Scrapy Proxy Configuration

← Back to Python Libraries

Scrapy is the most powerful Python web crawling and scraping framework. With built-in support for concurrent requests, automatic throttling, data pipelines, and extensible middleware, Scrapy is the go-to choice for large-scale data extraction.

Scrapy has built-in proxy support through request.meta["proxy"], making it easy to route crawl traffic through ProxyMesh rotating proxies.

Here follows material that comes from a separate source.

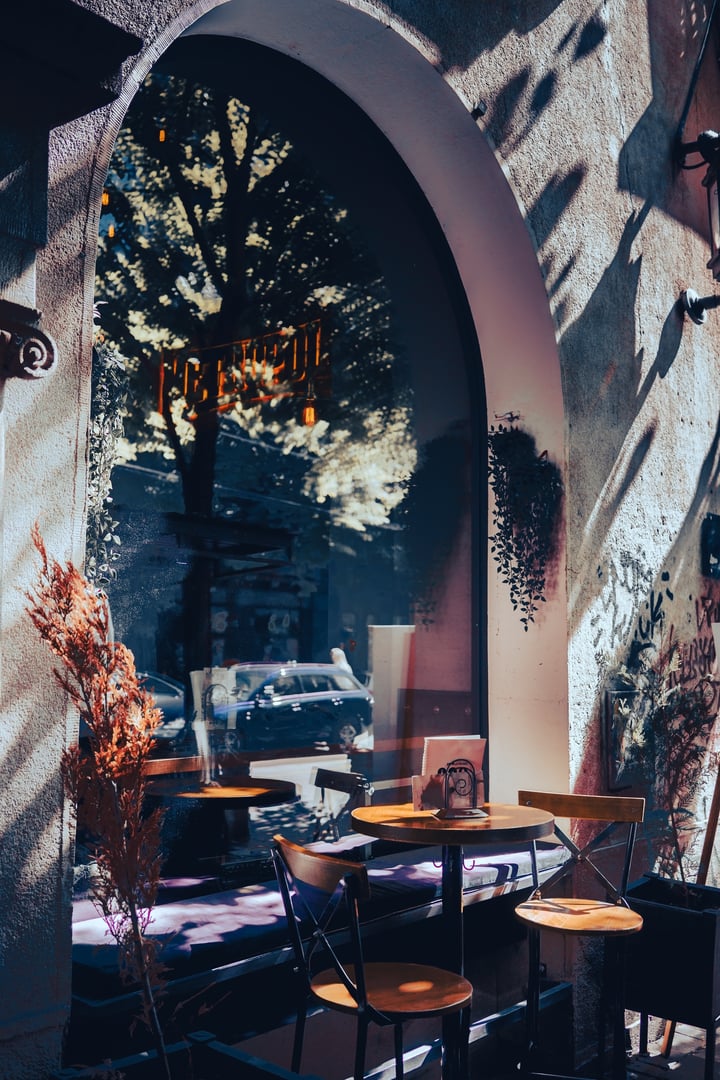 Chairs and a table in the garden of the restaurant in the morning sun.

This guide shows you how to configure proxies for reliable crawling without IP bans.

Why Use Proxies with Scrapy?

  • Avoid IP bans - Rotate through different IPs automatically
  • Bypass rate limits - Distribute requests across many addresses
  • Geographic targeting - Access region-specific content
  • Scale crawling - Crawl more pages without getting blocked

Installation

Install Scrapy using pip:

pip install scrapy

Scrapy has built-in proxy support—no additional packages needed to get started.

Basic Proxy Configuration

Set proxies per-request using request.meta["proxy"]:

import scrapy

class BasicProxySpider(scrapy.Spider):
    name = "basic_proxy"
    
    def start_requests(self):
        yield scrapy.Request(
            url="https://api.ipify.org?format=json",
            meta={
                "proxy": "http://username:password@PROXYHOST:PORT"
            },
            callback=self.parse
        )
    
    def parse(self, response):
        data = response.json()
        self.logger.info(f"Request through IP: {data['ip']}")
        yield {"ip": data["ip"]}

Run with: scrapy runspider spider.py

Proxy Middleware for All Requests

Apply proxy to all requests with middleware:

# middlewares.py
class ProxyMiddleware:
    def process_request(self, request, spider):
        request.meta["proxy"] = "http://user:pass@PROXYHOST:PORT"
# settings.py
DOWNLOADER_MIDDLEWARES = {
    "myproject.middlewares.ProxyMiddleware": 350,
}

Rotating Proxy Middleware

Rotate between multiple proxy locations:

# middlewares.py
import random

class RotatingProxyMiddleware:
    PROXIES = [
        "http://user:pass@PROXYHOST:PORT",
        "http://user:pass@PROXYHOST:PORT",
        "http://user:pass@PROXYHOST:PORT",
        "http://user:pass@PROXYHOST:PORT",
    ]
    
    def process_request(self, request, spider):
        request.meta["proxy"] = random.choice(self.PROXIES)

IP Authentication

With your IP whitelisted in ProxyMesh, no credentials needed:

yield scrapy.Request(
    url="https://example.com",
    meta={"proxy": "http://PROXYHOST:PORT"}
)

Custom Proxy Headers

For basic proxy usage, Scrapy works out of the box. For advanced control with custom proxy headers over HTTPS, use the scrapy-proxy-headers extension:

pip install scrapy-proxy-headers
# settings.py
DOWNLOAD_HANDLERS = {
    "https": "scrapy_proxy_headers.HTTP11ProxyDownloadHandler"
}
# spider.py
import scrapy

class ProxyHeadersSpider(scrapy.Spider):
    name = "proxy_headers"
    
    def start_requests(self):
        yield scrapy.Request(
            url="https://api.ipify.org?format=json",
            meta={
                "proxy": "http://user:pass@PROXYHOST:PORT",
                "proxy_headers": {"X-ProxyMesh-Country": "US"}
            },
            callback=self.parse
        )
    
    def parse(self, response):
        # Access proxy response header
        proxy_ip = response.headers.get(b"X-ProxyMesh-IP")
        if proxy_ip:
            self.logger.info(f"Routed through: {proxy_ip.decode()}")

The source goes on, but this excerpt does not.